**Source material:**
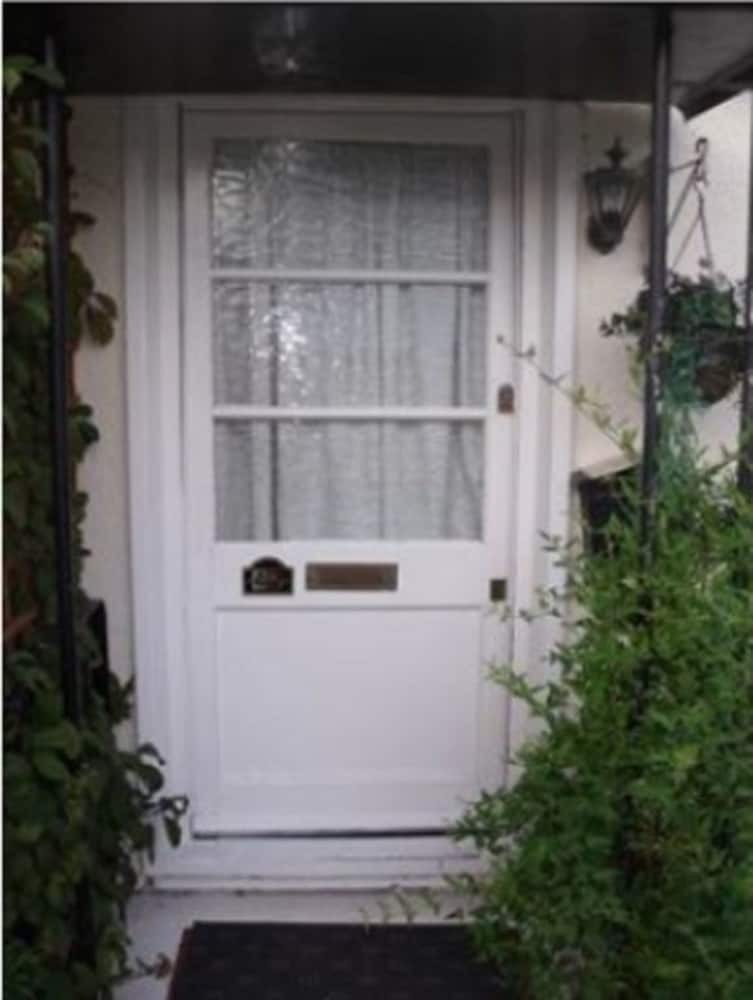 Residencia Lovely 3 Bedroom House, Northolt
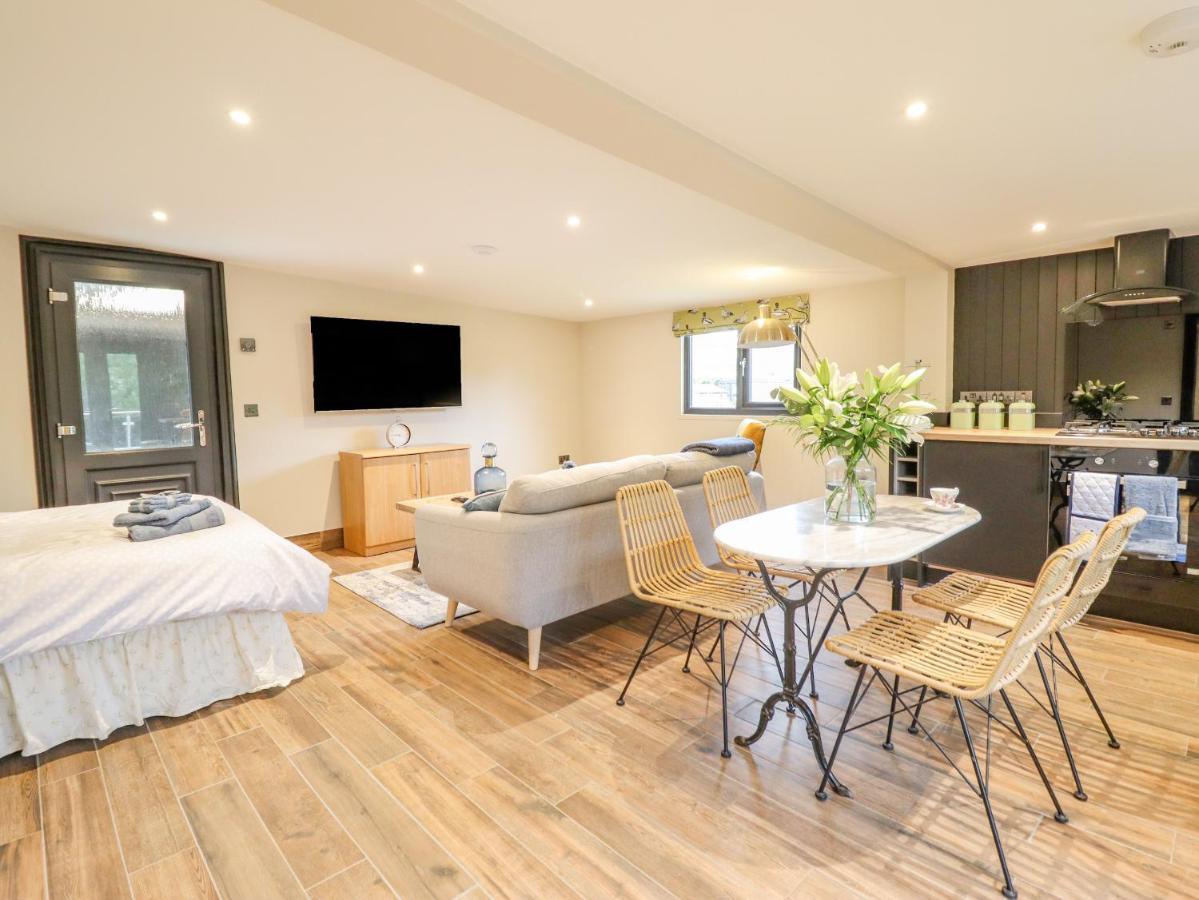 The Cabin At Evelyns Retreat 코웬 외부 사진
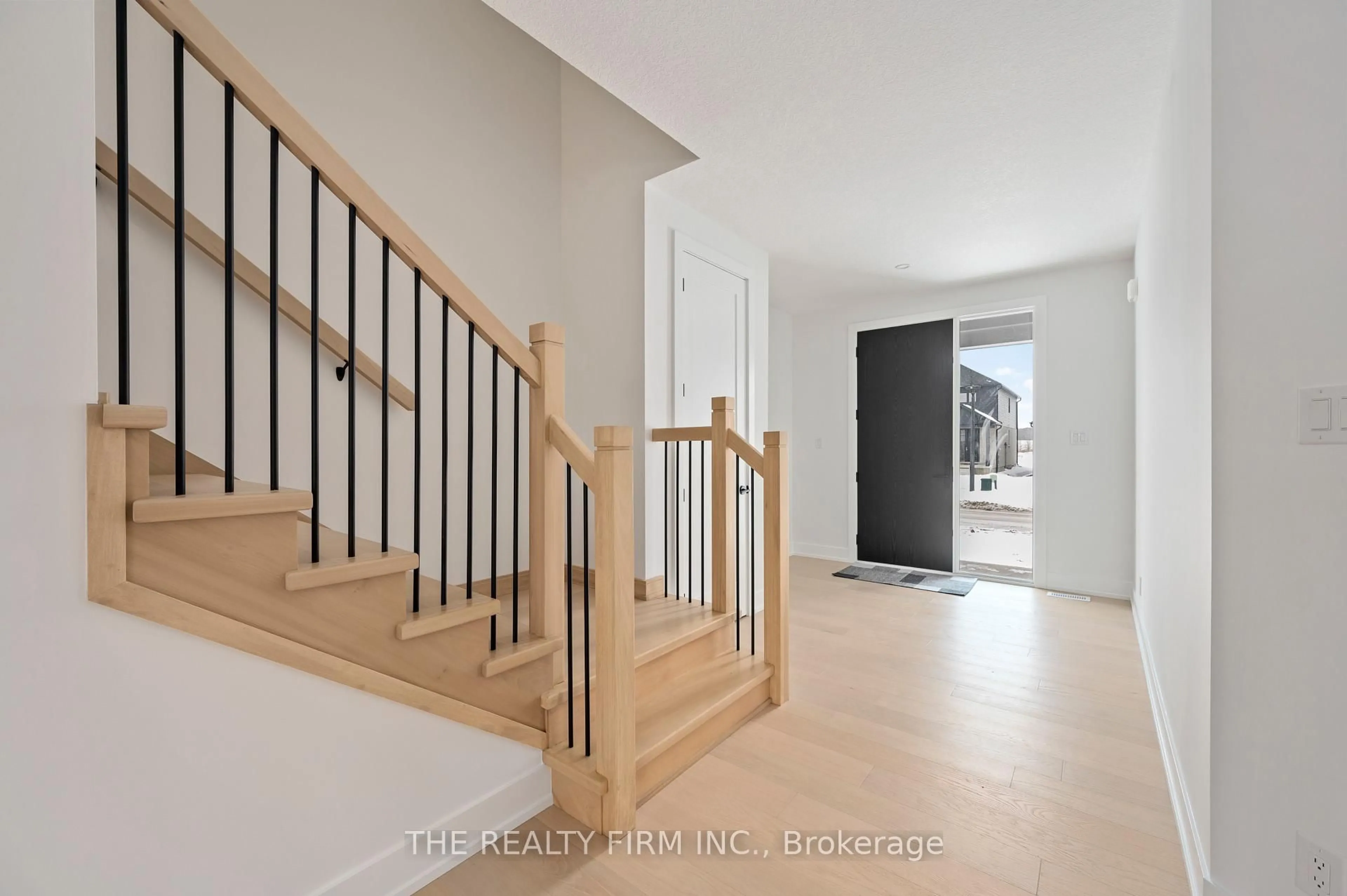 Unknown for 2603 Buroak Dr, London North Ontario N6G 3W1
==
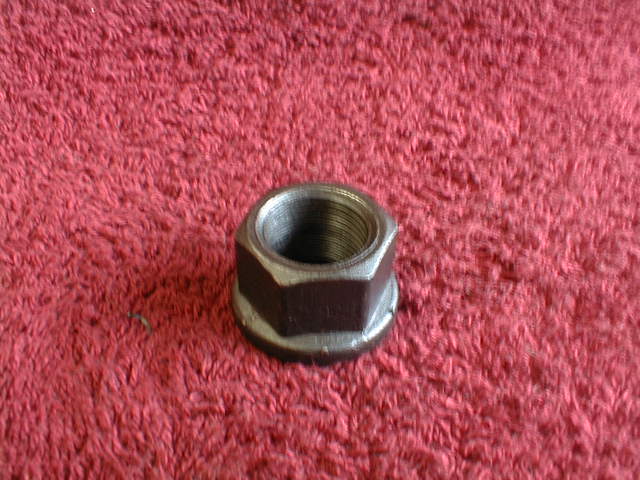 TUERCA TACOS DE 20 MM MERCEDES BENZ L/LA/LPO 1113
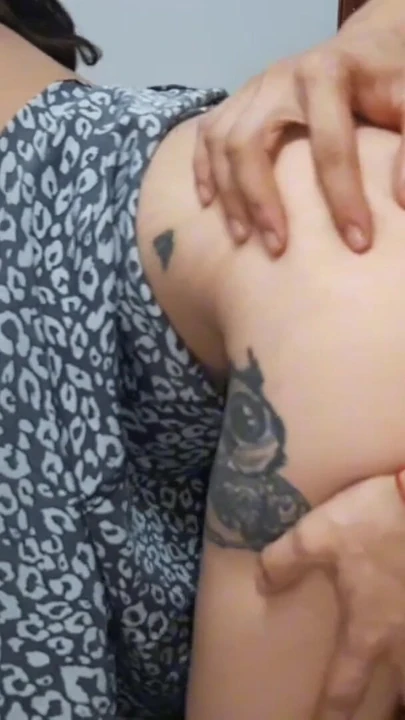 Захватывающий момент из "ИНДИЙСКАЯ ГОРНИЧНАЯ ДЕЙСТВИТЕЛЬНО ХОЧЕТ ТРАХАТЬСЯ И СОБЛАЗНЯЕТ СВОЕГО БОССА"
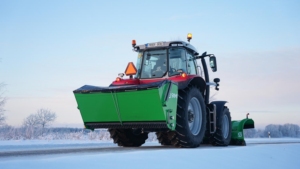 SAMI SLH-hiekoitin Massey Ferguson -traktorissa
---
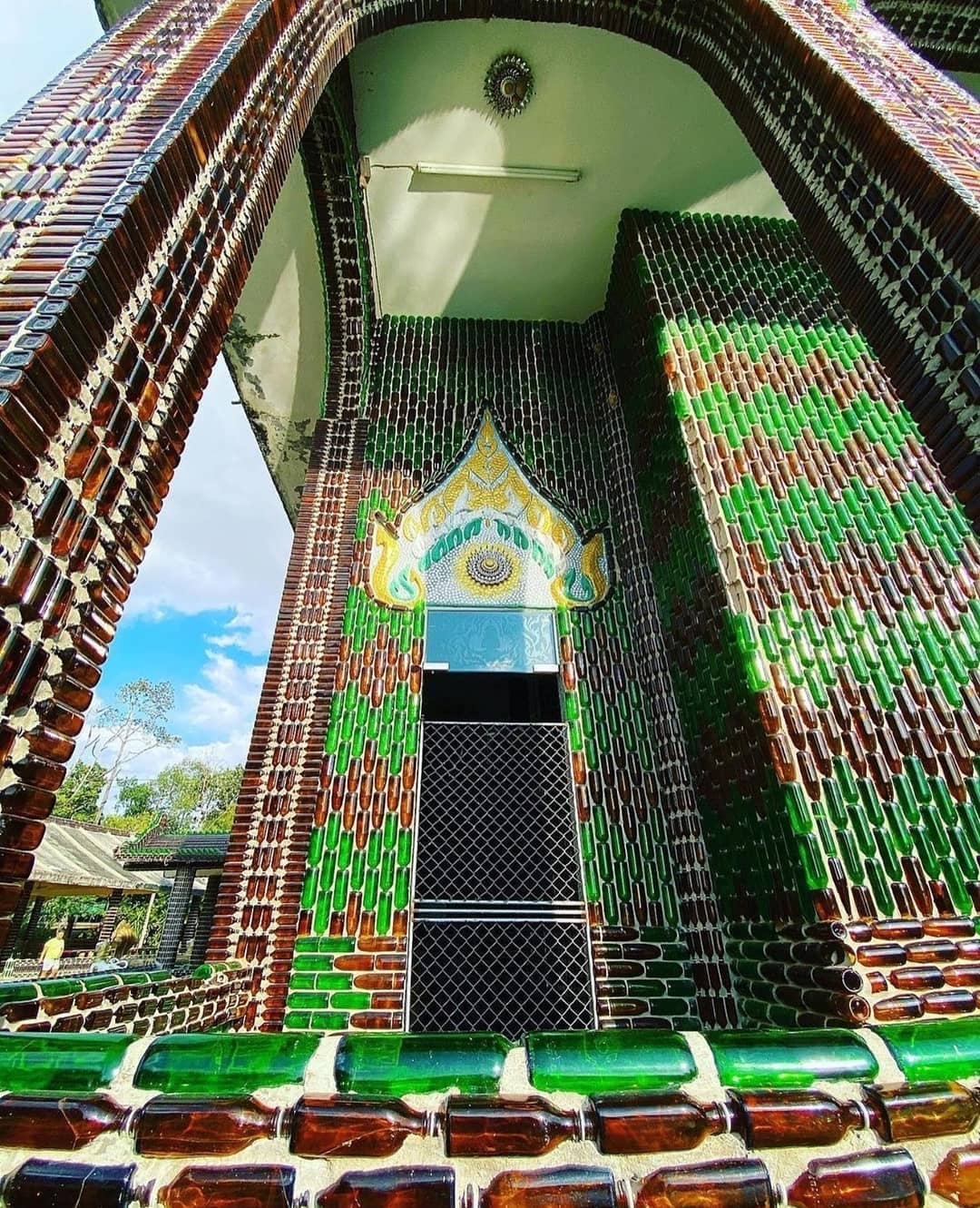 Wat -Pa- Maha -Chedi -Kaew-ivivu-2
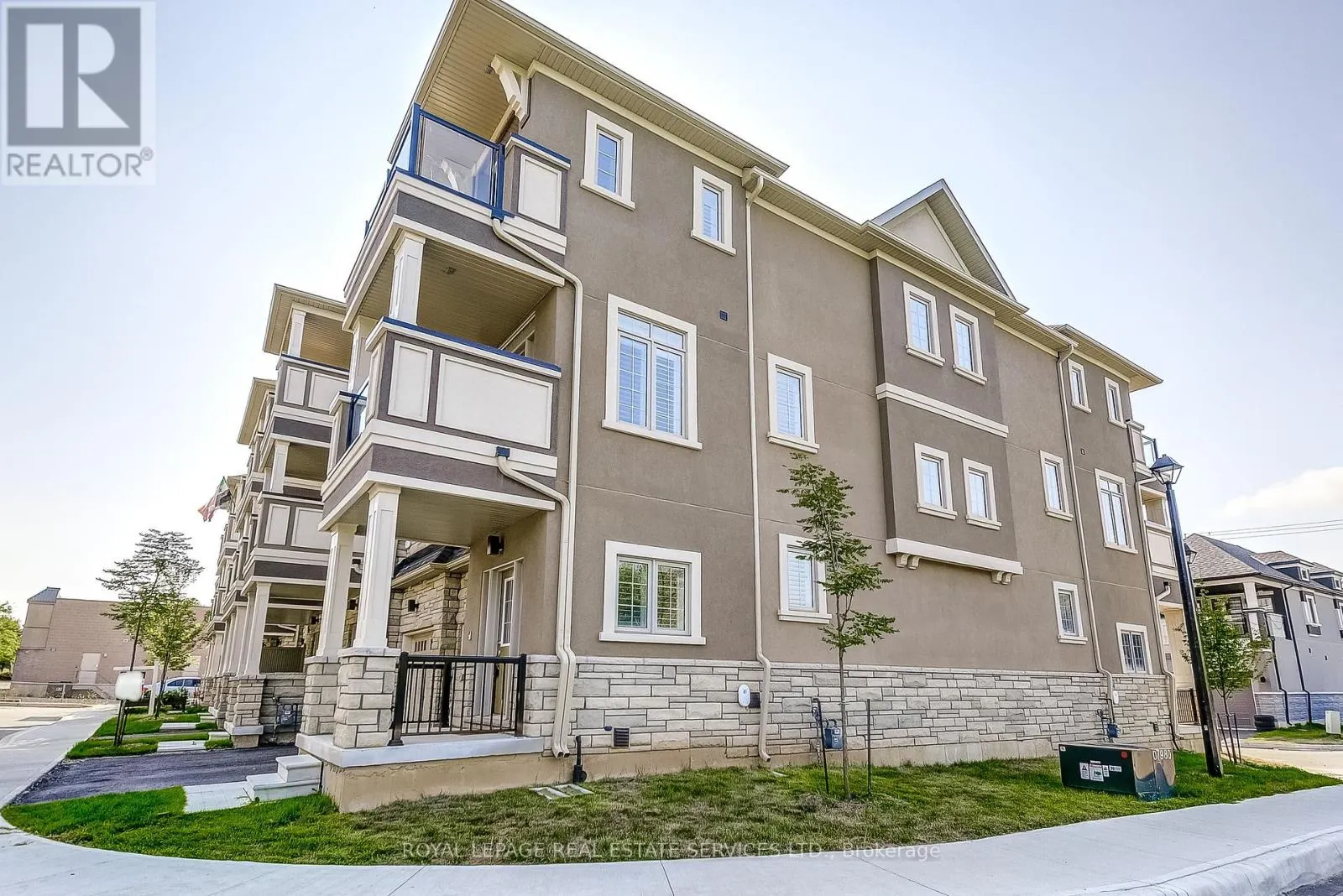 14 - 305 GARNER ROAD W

**Task prompt:**
In the entries above, find the line containing "The Cabin At Evelyns Retreat 코웬 외부 사진" and the line containing "Unknown for 2603", then copy both and every line between them exactly, without any picture.

**Response to the exercise:**
 The Cabin At Evelyns Retreat 코웬 외부 사진
 Unknown for 2603 Buroak Dr, London North Ontario N6G 3W1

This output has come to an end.